Working with Data Frames and Visualization Using Basic Python Libraries

This article aims to introduce fundamental Python approaches in interacting with structured data using a case study in the payment services industry.

Dexter Nguyen
Towards Data Science

--

Photo by Scott Graham on Unsplash

Context

Last year, my boss came to my place and gave me a small assignment to analyze the AS-IS online payment industry. Motivated by my passion for Python at that time, I thought why I just tried completing this exercise in this programming language. Regarding the context, Excel, SQL, and Tableau were the three most popular tools in my job, considering their convenience and simplicity for our simple analysis. Python is, meanwhile, prioritized for more predictive and advanced analytics.

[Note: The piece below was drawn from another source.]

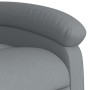 Light gray fabric electric recliner. by , Armchairs - Ref: Foro24-3204068, Price: 251,99 €, Discount: %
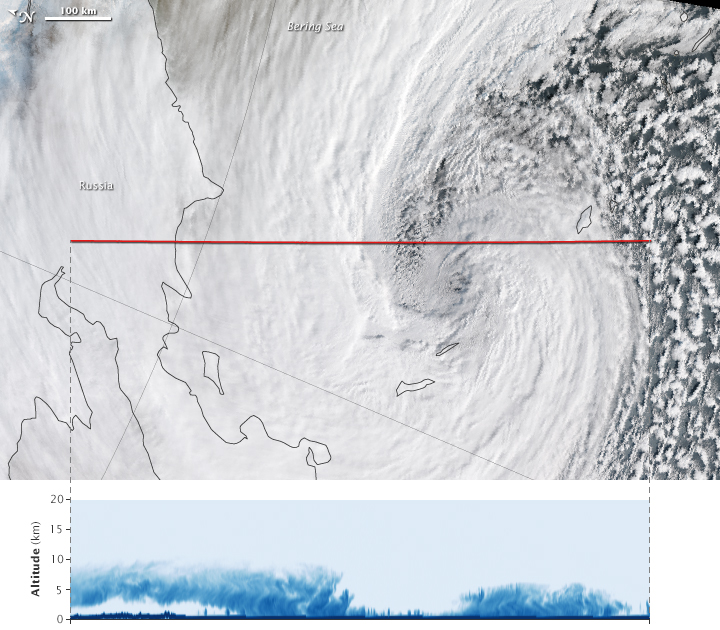 Inside the Bering Sea Superstorm - related image preview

Then, spending the next two days, I researched the possible methodologies to integrate Python to analyze and share my work with non-Python audiences.

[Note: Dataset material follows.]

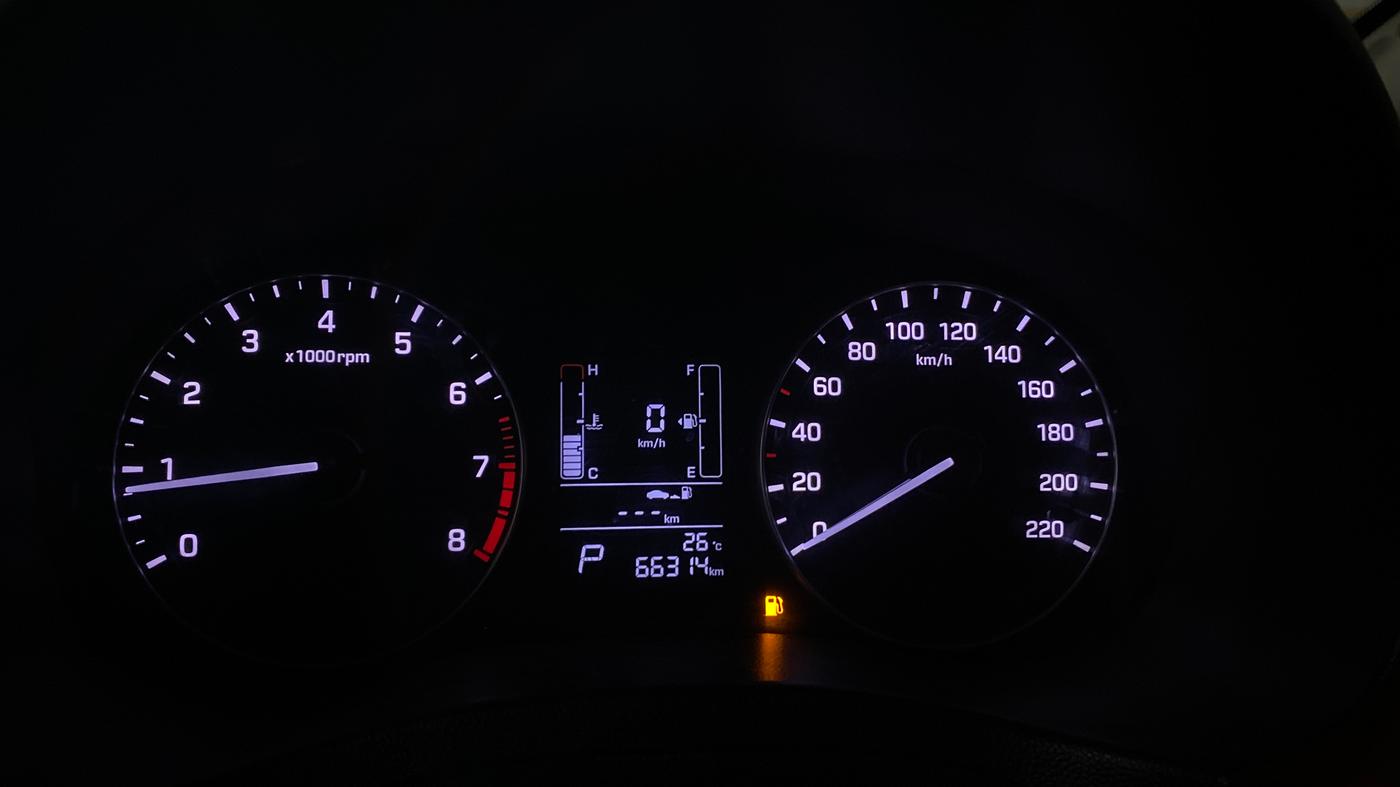 2019 Hyundai Creta SX AT 1.6 PETROL, Petrol, Automatic, 66,441 km, Odometer Image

What this article will cover

Including a case study in the payment services industry, this article is structured in a combination of technical and business processes, in which I used basic analysis with data frames and visualization to solve business questions from a perspective of a payment solution provider. I will also include relevant Python codes and libraries besides presenting findings in non-technical formats.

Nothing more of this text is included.